If you make an online donation, please include the word ‘pledge’ and your name, unless you wish to remain anonymous.

 

For further information, please contact John Saunders on 028 314 0543 or at shearwater@hermans.co.za

 

2012 monthly meeting dates The proposed dates for next year are as follows: 26 January, 23 February, 22 March, 26 April, 24 May, 21 June, 19 July, 23 August, 20 September, 18 October, 15 November, and 14 December.  Confirmation and details will follow.

 

WHAT’S UP?

Two features visible this month are a meteor shower and planetary alignment.  Night owls can look for the annual Orionid meteor shower after midnight towards the east from 2 October – 7 November.  The meteors shoot out in all directions from an area located ‘above’ the position of Orion’s head. The shower will peak on 21 October, at around 01.00.   Mercury and Venus are visible for about an hour after sunset this month.  At around 19.00 on 28 October they will be positioned near each other, low in the south-west, just below a 1% moon.

 

LAST MONTH’S ACTIVITIES

Monthly centre meeting Dr Lee-Anne McKinnell, MD of SANSA gave an absorbing presentation on 1 September on the history, and broad range of academic research and commercial work undertaken at the institution based in Hermanus, a location with a necessary magnetically clean environment.  Started in 1932, the HMO became part of The South African National Space Agency (SANSA), a newly created single policy and research organization, in 2011.  ‘Space’ in this context refers to near-Earth space ie. space between the Sun and Earth.

 

The Hermanus location offers a number of positive geographical features including proximity to the South Atlantic anomaly and to Antarctica (where much research is undertaken), limited land mass in the southern hemisphere (which reduces adverse influences on scientific measurements), and its location in Africa facilitates providing assistance to the developing world.

 

Activities undertaken in Hermanus include:

  • space research and magnetic measurements eg. space weather (conditions in the Sun which affect Earth eg. solar cycle), the magnetosphere, the ionosphere, space plasma & waves,
  • technology eg. the only place in SA for calibration of compasses for commercial aircraft and the armed forces,
  • the Space Weather Centre which provides real time data used for research, predictions and public education, and
  • science advancement – the Science Centre, unique in the Cape Town area, provides learning opportunities to learners, educators and the public.   Undergraduate and postgraduate university education is also undertaken in collaboration with universities.

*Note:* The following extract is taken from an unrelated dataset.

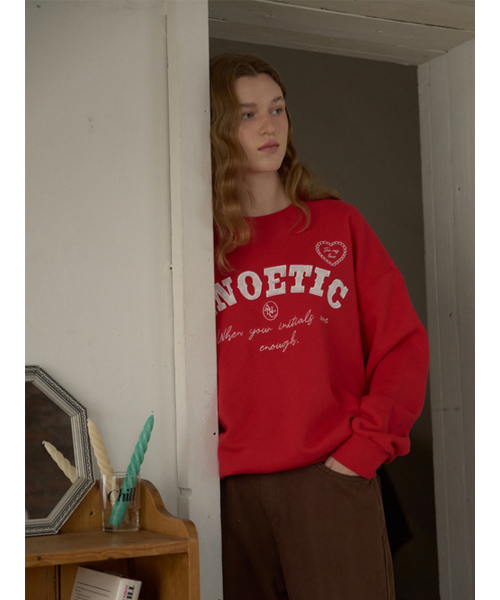 ANOETIC（アノエティック）の「ANOETIC LACE LOGO SWEATSHIRTS_RED（スウェット・レディース・レッド・FREE）」の3枚目の写真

Interest groups Cosmology On 5 and 19 September, 14 and 15 people, respectively, attended Parts 1 and 2 of the 3-part DVD ‘Atom’.

Beginners astronomy On 29 August, 36 people watched the final part of the very popular five-part BBC series ‘Wonders of the solar system’.  Fine weather allowed for star-gazing afterwards.

 

Educational outreach On 1 September, Johan Retief gave a presentation to learners at Bosko Christian School, developing their understanding of the solar system and the dangers of looking directly at the Sun.  Pierre de Villiers’ presentation to 65 Grade 1-8 learners and 7 teachers at Curro Hermanus also covered the solar system, including solar flares, and Johan Retief introduced the MONET project, also providing information on other astronomy opportunities eg. sidewalk astronomy at Gearing’s Point, SANSA presentations.

 

A very successful stargazing evening was held at Camphill on 6 September.  Approximately 40 residents and local and visiting co-workers observed a number of features using telescopes manned by Pierre de Villiers, Derek Duckitt and Johan Retief.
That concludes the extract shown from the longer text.